Brian L.
Yelp
Saw the Tuesday performance of Farinelli and the King the week after opening night with a $32 general rush ticket I purchased around noon. The box office attendant was pleasant and professional, but there was only one long line for both will call and same-day purchases.
The half hour leading up the show was rather unpleasant for me. The bag and ticket check at the front doors proceeded as expected, and I made my way up four flights of stairs to the Balcony section before confronting the most condescending usher I've ever met while trying to find the men's room. This short-haired, short-tempered woman in glasses assigned to the odd-numbered section of the Balcony barked at me the first time I asked her where the restroom was and then again hollered at me to show her my ticket. (As it turns out, the men's WC is a discreet, inconspicuous two-stall room at the very top of the Balcony section that.)
The Belasco is a beautiful performance venue, with Tiffany lamps, stained glass panels, and a high ceiling like the Stern Auditorium at Carnegie Hall. Seat pitch was sufficient, though I still had to get up to let people pass.

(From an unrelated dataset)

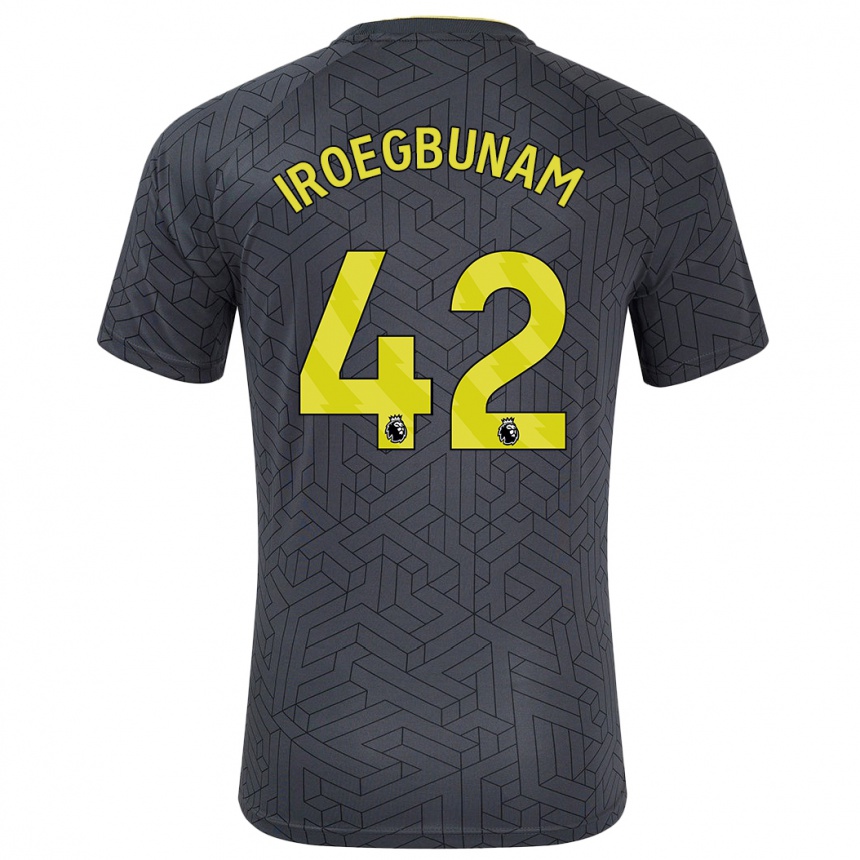 Kids Football Tim Iroegbunam #42 Black Yellow Away Jersey 2024/25 T-Shirt Nz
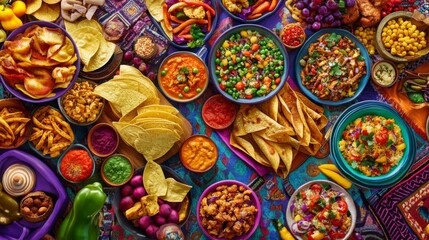 Fototapeta premium Vibrant International Dishes in Festive Display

Row B seats in Balcony were very partial view, thanks to the railing and the box seats (whose views were even more obstructed), but I still got to see the most important parts of the stage. The set is pretty sparse: a few pieces of furniture, an doorway upstage, and a center trapdoor.
My favorite parts of the set design were the real candles that dripped wax from the candelabra overhead during the show and Farinelli descending in a harness like a cherub. The orchestra/pit is in the highest level backstage, above the two levels of stage seating.
The show as a whole was generally unengaging, short on story and character development, and apparently designed to showcase only two things: Farinelli (counter-tenor Iestyn Davies) and the King (Mark Rylance), to the detriment of everything else and without either of whom the show would have minimal appeal. Some of the musical numbers are clumsily shoehorned in, without any attempted introduction or transition. The show kind of felt like an episode of Glee: bare bones dialogue and some covers of songs loosely sewn together by a tenuous throughline.
An NYU student in my row and two people in the row in front promptly left at intermission. My primary interest in the show was hearing a counter-tenor perform live, so I stayed for the duration of the entire performance.
I left entertained but emotionally unfulfilled (and a little scarred by the hostile 6-foot female ogre usher in glasses).
Did I enjoy the show? Yes! Mark Rylance fans will probably feel the same way.
Would I see it again? Nope, not even for free.